Ideally, if l were going to get a membership elsewhere l'd look for a bit more than that, a gym/spa mix.

But no, l don't know much about the at home programs. Sorry >_>


----------



## Derange At 170 (Nov 26, 2013)

Find yourself a sport, a hobby, that you enjoy doing. And treat it as such, the health benefits will be an added bonus. Or do some volunteer work where you're expected to by physically active.

If you can't do that, just do 3 20 minute sessions of high intensity interval training per week. It'll be a chore, but it won't be taking up a lot of time. No different from folding laundry, except it'll destroy you.


----------



## PowerShell (Feb 3, 2013)

Do practical stuff that serves other purposes. Walk everywhere. It's exercise and serves as transportation. Cut firewood. Power clean the house.


----------



## Red_Setting_Sun (Jun 20, 2013)

Zombie Devil Duckie said:


>


This.

Alltough, since you're an ENTJ, you'd probably prefer MMA or boxing or something.


----------



## Mercutio (Apr 28, 2013)

Yo. ENTP here. If anyone knows anything about the absolute agony of boredom, its me. I infrequently go to the gym but I run five days a week. And honestly, its hard to stand it. I can pick up the pace just fine, but the dull repetition makes it hard to focus on really giving some effort. Its the same with pretty much any other form of training, like swimming. What helps though is if you run in a pack, with people you both like and don't enjoy so much. Although it'd be a bit difficult to convince your archenemy to join you for a run, the stimulation of annoyance and pure competition is too great to ignore.


----------



## lilysocks (Nov 7, 2012)

Mercutio said:


> Although it'd be a bit difficult to convince your archenemy to join you for a run


who needs 'convince'? just do something offensive enough to get them started, and run. shouldn't be hard for an entp :tongue:


----------



## Mercutio (Apr 28, 2013)

Touché


----------



## Promethea (Aug 24, 2009)

koalaroo said:


> Boredom is not a form of anxiety. I've tried doing different types of exercise everyday. Going to the gym is like being in a giant hamster wheel, and that just isn't fun to me.

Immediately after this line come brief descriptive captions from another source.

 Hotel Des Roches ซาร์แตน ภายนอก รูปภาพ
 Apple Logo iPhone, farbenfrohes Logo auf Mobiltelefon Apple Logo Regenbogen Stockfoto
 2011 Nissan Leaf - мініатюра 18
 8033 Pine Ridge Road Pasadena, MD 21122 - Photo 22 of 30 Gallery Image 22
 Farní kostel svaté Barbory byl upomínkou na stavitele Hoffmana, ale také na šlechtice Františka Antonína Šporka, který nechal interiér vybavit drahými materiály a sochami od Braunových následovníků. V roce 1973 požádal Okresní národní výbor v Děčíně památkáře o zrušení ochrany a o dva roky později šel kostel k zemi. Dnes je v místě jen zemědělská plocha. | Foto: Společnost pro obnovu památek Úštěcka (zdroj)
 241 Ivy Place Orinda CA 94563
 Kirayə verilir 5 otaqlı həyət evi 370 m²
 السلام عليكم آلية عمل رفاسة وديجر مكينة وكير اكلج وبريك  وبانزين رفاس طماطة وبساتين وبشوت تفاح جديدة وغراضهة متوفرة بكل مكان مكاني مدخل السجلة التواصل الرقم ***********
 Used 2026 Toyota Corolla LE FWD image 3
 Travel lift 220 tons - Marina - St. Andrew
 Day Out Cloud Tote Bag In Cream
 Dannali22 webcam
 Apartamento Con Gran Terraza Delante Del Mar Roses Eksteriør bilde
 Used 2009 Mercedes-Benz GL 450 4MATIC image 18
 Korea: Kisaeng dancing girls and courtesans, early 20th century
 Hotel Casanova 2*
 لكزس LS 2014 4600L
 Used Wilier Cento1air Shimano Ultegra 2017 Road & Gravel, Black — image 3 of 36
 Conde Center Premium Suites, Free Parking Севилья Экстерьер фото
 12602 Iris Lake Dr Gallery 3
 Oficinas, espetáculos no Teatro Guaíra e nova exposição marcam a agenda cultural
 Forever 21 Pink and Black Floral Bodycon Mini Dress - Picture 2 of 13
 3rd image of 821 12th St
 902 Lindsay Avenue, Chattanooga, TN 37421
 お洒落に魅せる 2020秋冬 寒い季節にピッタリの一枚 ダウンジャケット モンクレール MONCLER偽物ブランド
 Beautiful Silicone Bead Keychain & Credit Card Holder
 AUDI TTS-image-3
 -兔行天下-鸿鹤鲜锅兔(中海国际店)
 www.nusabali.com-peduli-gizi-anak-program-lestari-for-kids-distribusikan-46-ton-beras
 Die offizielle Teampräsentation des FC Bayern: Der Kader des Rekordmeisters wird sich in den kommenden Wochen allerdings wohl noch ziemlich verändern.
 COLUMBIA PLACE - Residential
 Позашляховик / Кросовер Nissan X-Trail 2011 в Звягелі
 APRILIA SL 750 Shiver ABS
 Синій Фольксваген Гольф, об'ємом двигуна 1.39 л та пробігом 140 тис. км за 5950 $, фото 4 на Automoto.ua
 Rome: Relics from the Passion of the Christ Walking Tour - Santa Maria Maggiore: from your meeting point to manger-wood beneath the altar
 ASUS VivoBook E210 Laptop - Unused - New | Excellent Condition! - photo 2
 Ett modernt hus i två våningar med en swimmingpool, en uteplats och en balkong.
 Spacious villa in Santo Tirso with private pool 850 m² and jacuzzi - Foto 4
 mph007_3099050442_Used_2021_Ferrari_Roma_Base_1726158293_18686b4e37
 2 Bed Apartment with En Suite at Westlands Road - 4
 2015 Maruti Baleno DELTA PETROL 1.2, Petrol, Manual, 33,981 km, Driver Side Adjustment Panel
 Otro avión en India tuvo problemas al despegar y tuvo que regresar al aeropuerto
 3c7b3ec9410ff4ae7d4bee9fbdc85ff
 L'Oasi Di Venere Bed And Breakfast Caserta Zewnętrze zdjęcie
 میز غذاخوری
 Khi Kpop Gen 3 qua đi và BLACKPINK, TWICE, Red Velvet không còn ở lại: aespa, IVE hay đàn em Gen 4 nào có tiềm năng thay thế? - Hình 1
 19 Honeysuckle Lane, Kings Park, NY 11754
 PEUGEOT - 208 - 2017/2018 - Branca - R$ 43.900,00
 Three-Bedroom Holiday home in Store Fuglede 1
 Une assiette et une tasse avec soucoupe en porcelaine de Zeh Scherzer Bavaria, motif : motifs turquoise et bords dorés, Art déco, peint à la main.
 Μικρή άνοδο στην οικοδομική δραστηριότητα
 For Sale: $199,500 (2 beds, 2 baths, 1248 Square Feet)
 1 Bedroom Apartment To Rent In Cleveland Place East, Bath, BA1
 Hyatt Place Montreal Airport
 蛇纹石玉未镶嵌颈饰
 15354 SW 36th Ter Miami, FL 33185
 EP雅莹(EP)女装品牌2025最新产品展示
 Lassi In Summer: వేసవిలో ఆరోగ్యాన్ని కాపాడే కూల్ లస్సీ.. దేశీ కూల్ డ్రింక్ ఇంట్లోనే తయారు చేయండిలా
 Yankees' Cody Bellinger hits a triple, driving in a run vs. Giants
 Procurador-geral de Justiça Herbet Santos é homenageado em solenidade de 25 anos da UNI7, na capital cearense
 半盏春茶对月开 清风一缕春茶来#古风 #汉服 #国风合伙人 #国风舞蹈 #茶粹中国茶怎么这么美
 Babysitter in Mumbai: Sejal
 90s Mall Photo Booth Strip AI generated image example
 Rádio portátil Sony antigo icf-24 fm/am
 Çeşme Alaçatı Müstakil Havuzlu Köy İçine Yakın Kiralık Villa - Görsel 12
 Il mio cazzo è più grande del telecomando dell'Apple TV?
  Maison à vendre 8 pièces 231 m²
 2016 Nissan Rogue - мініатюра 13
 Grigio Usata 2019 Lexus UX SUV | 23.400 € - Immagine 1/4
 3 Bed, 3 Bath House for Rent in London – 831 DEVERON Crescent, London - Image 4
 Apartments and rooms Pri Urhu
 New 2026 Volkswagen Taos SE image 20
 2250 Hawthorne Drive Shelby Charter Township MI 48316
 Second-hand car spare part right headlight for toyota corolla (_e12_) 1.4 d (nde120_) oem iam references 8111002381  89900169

Lol.. yeah. I watched a ted talk where the guy was saying basically, getting on a treadmill for example, you just have no real incentive. You know you're not getting anywhere. It simply doesn't appeal to the human spirit. I'd link directly to that part if it was a yt but its not, unfortunately - great ted talk anyway: Andrew Solomon: Depression, the secret we share | Talk Video | TED

All you can really do is find something thats actually fun to you. For me, its finding new scenery - that can keep me motivated to hike or jog, thinking I could see something interesting while I'm doing it.


----------



## GROUNDED_ONE (May 23, 2012)

The only thing that has cured my boredom has been crossfit..it actually made me appreciate other activities more. So I would try it, no it isn't a cult, it is programming and training to keep you mentally challenged. It is similar to P90x and Insanity workouts, except you have people who cheer you on. Yes it is dangerous if you are an ego maniac and like to push yourself to the brink of insanity, but not everyone does that. Yoga is good too, there are so many forms of yoga that not only fulfill that need for challenge, but also feed your soul with meditation.


----------



## Veggie (May 22, 2011)

Jillian Michael's 30 day shred DVD is good. She mixes strength, cardio and ab circuits repeatedly, and she has different levels so that once you get bored of one workout you can do something more challenging.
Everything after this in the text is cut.